Task:
What you should give back is every line from the one containing "Escuela With Private Pool Holiday home" through the last line of the records below, word for word and without pictures.
┄┄┄┄┄┄
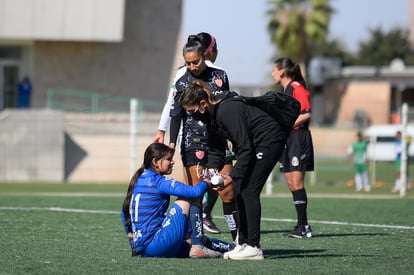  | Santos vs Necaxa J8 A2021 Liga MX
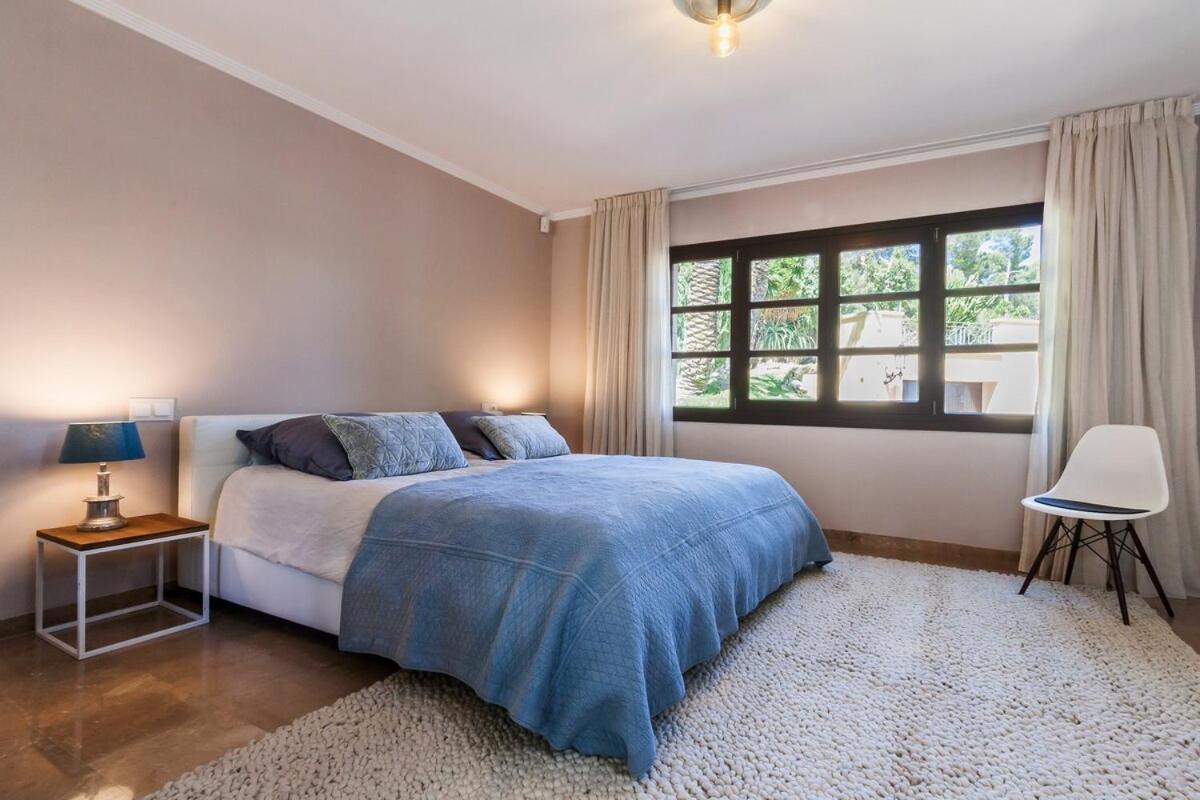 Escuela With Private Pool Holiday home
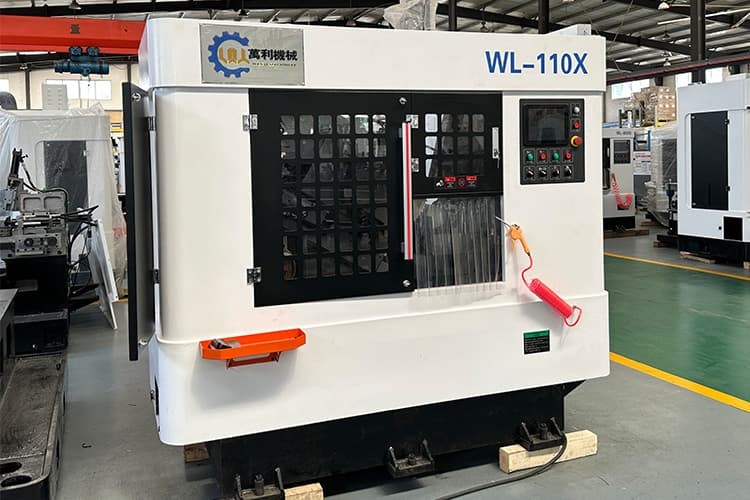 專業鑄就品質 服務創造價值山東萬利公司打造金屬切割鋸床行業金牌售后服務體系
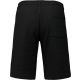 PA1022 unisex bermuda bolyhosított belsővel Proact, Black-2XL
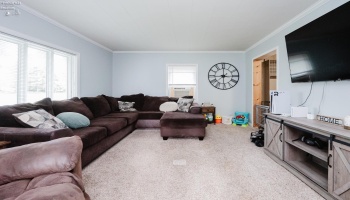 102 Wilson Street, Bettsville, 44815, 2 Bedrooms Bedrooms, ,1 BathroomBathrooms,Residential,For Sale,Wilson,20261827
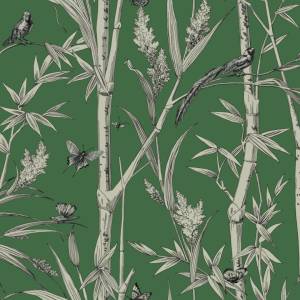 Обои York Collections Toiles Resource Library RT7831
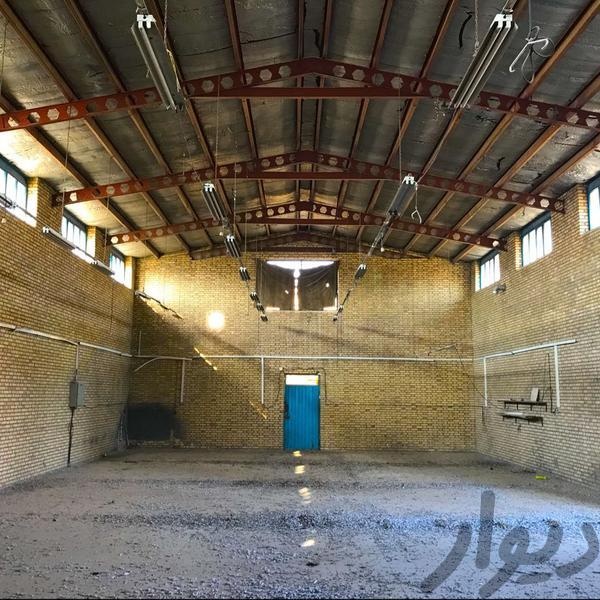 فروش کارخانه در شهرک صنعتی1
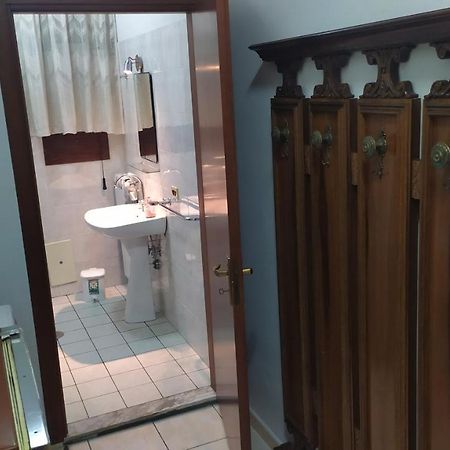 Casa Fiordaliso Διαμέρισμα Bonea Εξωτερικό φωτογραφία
┄┄┄┄┄┄
Result of the exercise:
 Escuela With Private Pool Holiday home
 專業鑄就品質 服務創造價值山東萬利公司打造金屬切割鋸床行業金牌售后服務體系
 PA1022 unisex bermuda bolyhosított belsővel Proact, Black-2XL
 102 Wilson Street, Bettsville, 44815, 2 Bedrooms Bedrooms, ,1 BathroomBathrooms,Residential,For Sale,Wilson,20261827
 Обои York Collections Toiles Resource Library RT7831
 فروش کارخانه در شهرک صنعتی1
 Casa Fiordaliso Διαμέρισμα Bonea Εξωτερικό φωτογραφία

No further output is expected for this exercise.